EXERCISE DETAILS:
Give back, word for word, the lines in the listing below from the one holding "Comfort Apartment |" down to the one holding "Man wearing black", both ends included.

RECORDS SHOWN:

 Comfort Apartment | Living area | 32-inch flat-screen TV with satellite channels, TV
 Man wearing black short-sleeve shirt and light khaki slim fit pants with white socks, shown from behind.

* * *

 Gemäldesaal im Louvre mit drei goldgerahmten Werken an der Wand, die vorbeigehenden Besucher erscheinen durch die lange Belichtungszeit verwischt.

PROBLEM SOLUTION:
 Comfort Apartment | Living area | 32-inch flat-screen TV with satellite channels, TV
 Man wearing black short-sleeve shirt and light khaki slim fit pants with white socks, shown from behind.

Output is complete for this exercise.